Они поют роас и альбореас, и качучу, и то самое соронго, что так властно вторглось в музыку Фальи.
Из желтых далей уходит в горы день и с ним песни жатвы и молотьбы, но этот мир полей в Гранаду не проникает.
Сентябрь в гостях, озноб в костях.
Мы у последней спицы колеса.
Кати, колесо, кати,
ведь осень уже в пути.
И начинаются гулянья. С орехами, с кизилом, с алым боярышником и грудами айвы, и башнями лепешек и марципанов из пекарни Корсо.
Сан-Мигель на своем холме вздымает меч, увенчанный подсолнухами. Помните мой романс?
Вверху на башне старинной
в узорах дикого хмеля
огнем свечей опоясан
высокий стан Сан-Мигеля.
В окне своей голубятни
по знаку ночи совиной
ручной архангел рядится
в пернатый гнев соловьиный.
Дыша цветочным настоем,
в тоске по свежим полянам
эфеб трехтысячной ночи
поет в ковчеге стеклянном.
…Один Сан-Мигель на башне
покоится среди мрака,
унизанный зеркалами
и знаками зодиака, —
владыка нечетных чисел
и горних миров небесных
в берберском очарованье
заклятий и арабесок.
Берберское очарованье заклятий и арабесок – это Гранада с Масличного Холма. Смутно все то, что долетает сюда. Это песня всей Гранады разом, слитный голос рек и струн, толпы и листвы, фруктового моря и качельного смеха.
Но меркнет веселье Михайлова дня, и осень рокотом дождей стучится в двери.
Тут-тук…
Кто бы мог?
– Я пришла на твой порог.
Я осенняя тоска.
– Что ты хочешь?
– Смоль виска.
– Не отдам, закрой суму.
– Не отдашь – сама возьму.
Тук-тук.
Та же тьма…
– Это я, твоя зима.
С первыми ливнями зазеленели луга. Заметно холодает, и никого уже не тянет в сад, а бедный Лунофил сутулится над жаровней. Но закаты – в полнеба; небывалые тучи смывают горную цепь и нездешние отсветы скользят по кровлям, замирая на кафедральной колокольне. И вновь непритворной тоской звучит голос:
Со своего балкона
окном к лиману
мне протяни платочек,
стяну я рану.
Со своего балкона
окном к низовью
мне протяни платочек,
истек я кровью.
Со своего балкона
с вьюнком по краю
мне протяни платочек,
я умираю.
И оказывается, что дети прогуляли школу, гоняя кубарь.
Оказывается, в покоях зажгли поминальные свечи по усопшим.
Оказывается, уже ноябрь.
Пахнет горящей соломой, и гниют груды палой листвы. Вспоминаете? Льет, и город безлюден.

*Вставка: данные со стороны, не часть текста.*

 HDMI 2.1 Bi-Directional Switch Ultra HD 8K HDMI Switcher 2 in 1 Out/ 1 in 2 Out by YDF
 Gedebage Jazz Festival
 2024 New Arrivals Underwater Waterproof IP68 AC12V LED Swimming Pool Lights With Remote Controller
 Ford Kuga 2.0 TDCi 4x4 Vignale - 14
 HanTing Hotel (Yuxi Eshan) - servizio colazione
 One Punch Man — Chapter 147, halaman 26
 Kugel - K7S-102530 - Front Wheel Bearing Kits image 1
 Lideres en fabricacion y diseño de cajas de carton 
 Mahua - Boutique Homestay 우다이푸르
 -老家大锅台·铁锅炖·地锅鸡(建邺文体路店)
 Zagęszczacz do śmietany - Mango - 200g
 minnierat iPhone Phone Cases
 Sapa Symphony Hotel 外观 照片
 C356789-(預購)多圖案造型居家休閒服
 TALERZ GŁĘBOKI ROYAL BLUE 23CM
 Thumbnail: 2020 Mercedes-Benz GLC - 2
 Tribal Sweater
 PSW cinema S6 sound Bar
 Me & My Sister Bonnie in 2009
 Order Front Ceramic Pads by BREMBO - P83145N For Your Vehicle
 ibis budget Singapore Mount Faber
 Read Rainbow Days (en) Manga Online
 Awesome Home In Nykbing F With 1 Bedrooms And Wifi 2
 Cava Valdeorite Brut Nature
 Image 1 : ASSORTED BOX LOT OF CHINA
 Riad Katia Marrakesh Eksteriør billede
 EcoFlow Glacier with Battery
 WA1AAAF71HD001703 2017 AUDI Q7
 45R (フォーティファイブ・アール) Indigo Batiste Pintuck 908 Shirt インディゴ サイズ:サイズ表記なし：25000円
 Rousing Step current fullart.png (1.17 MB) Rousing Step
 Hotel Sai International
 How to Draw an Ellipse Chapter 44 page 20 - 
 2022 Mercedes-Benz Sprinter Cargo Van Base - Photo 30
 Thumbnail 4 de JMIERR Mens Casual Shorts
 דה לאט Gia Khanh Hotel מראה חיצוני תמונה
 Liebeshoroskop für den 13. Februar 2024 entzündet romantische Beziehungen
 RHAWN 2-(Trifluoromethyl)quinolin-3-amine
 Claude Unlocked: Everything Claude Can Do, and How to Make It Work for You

Но у Королевских ворот в ларьке продают самбомбы.
Девушка из Армильи, или из Санта-Фе, или из Атарфе, годом старше и, быть может, в трауре, поет хозяйским детям:
Из четверых заречных
у той излуки
один на сером муле
мне горше муки.
Из четверых заречных
за тем затоном
быть одному, на сером,
моим законным.
Мы проводили год. Так уж заведено. Ныне и присно. Мы уходим, а Гранада остается. Остается в веках и тает в этих бедных ладонях недостойнейшего из ее сыновей.